_HOW TO COMPLETE THIS TASK_
In the records below, find the line that contains "VR及AR產品將在未來五年內更受歡迎。" and the line that contains "CAMICIA CLASSICA BOTTONI"; write out exactly those two lines and everything between them, without the pictures.

======== MATERIAL SHOWN ========

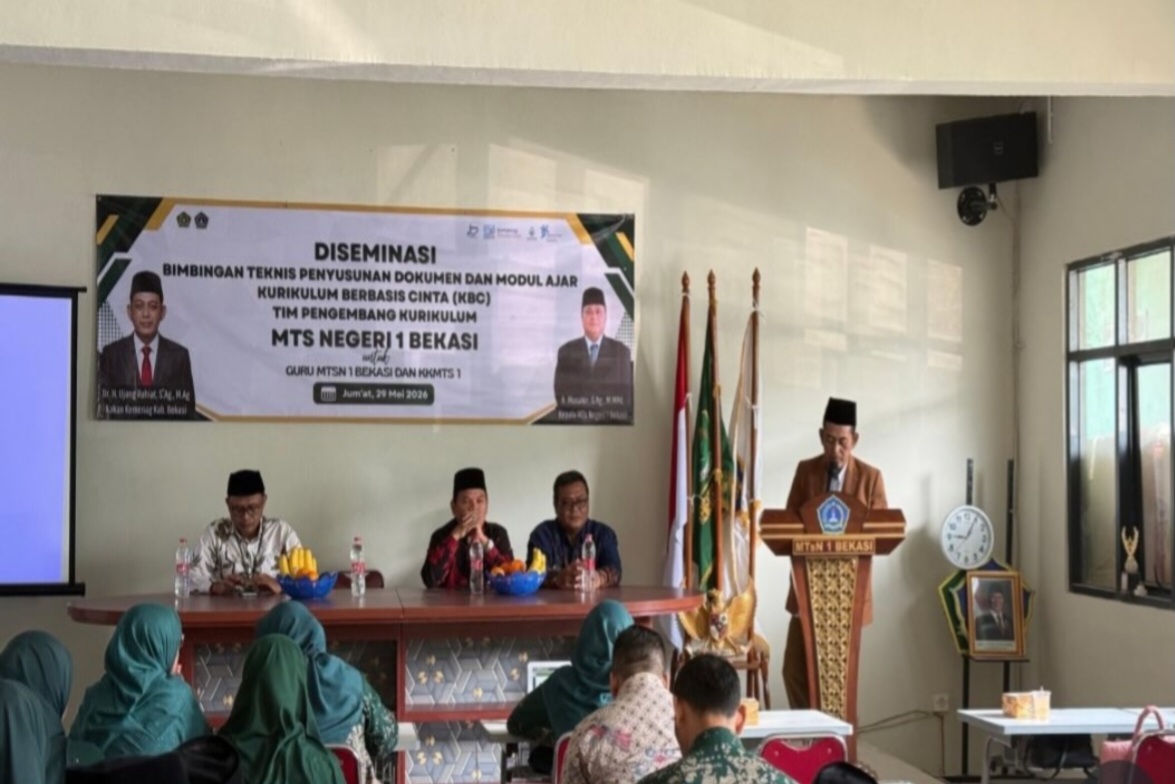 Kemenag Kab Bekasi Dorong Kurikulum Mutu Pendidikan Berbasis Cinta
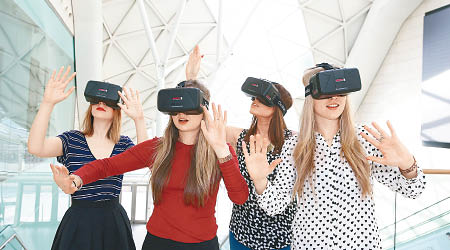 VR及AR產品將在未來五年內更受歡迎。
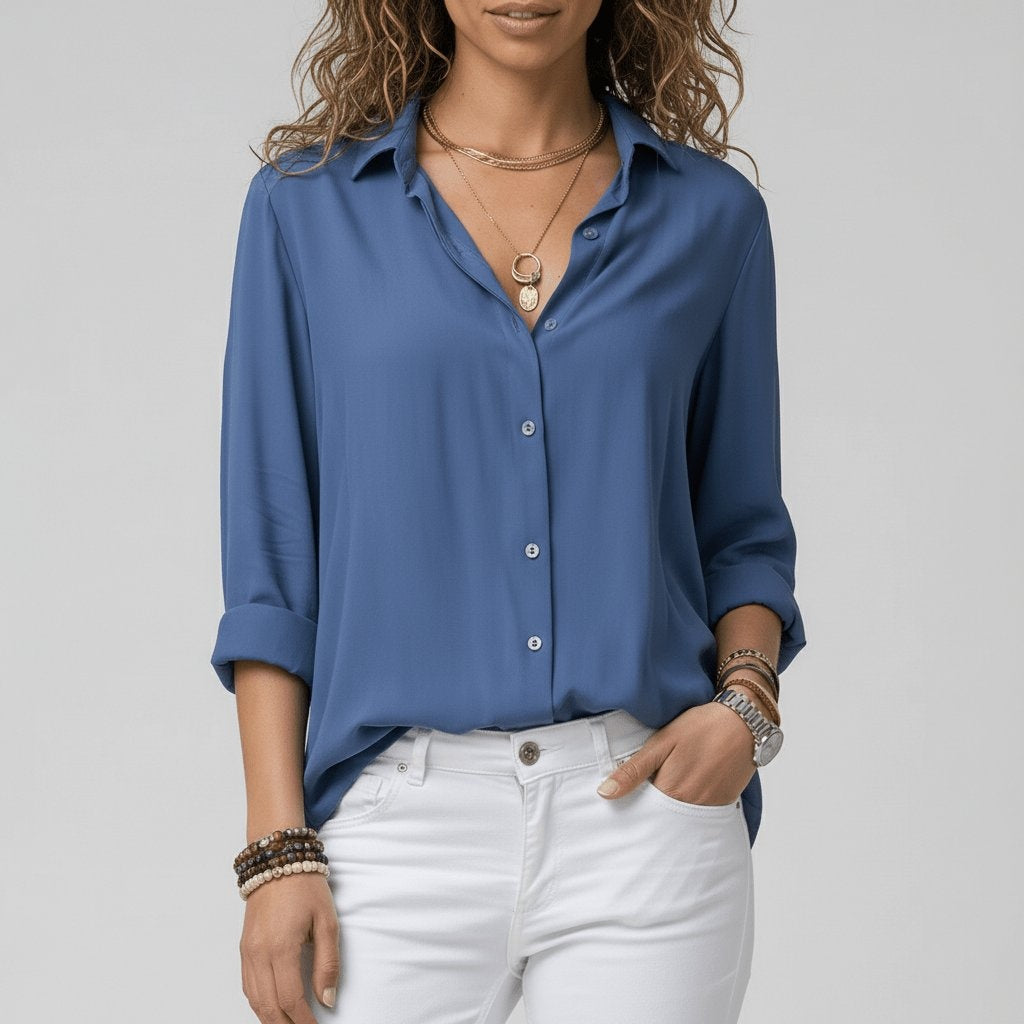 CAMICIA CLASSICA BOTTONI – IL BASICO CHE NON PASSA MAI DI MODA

========
======== MATERIAL SHOWN ========

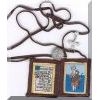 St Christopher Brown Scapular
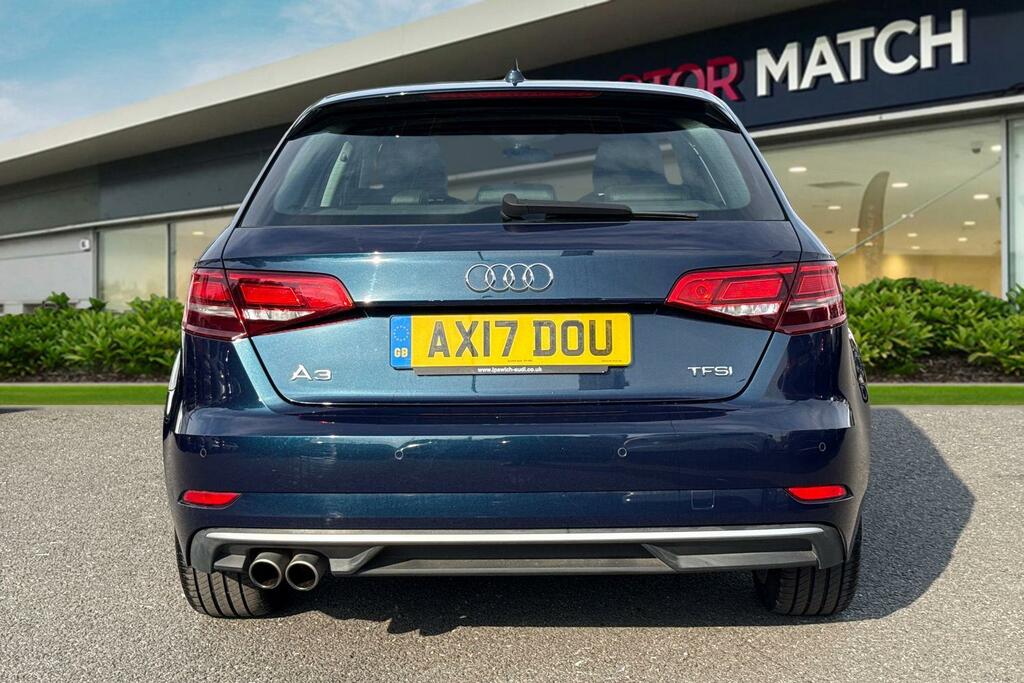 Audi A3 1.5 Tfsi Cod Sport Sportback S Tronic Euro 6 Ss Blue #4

========

_YOUR SOLUTION_
 VR及AR產品將在未來五年內更受歡迎。
 CAMICIA CLASSICA BOTTONI – IL BASICO CHE NON PASSA MAI DI MODA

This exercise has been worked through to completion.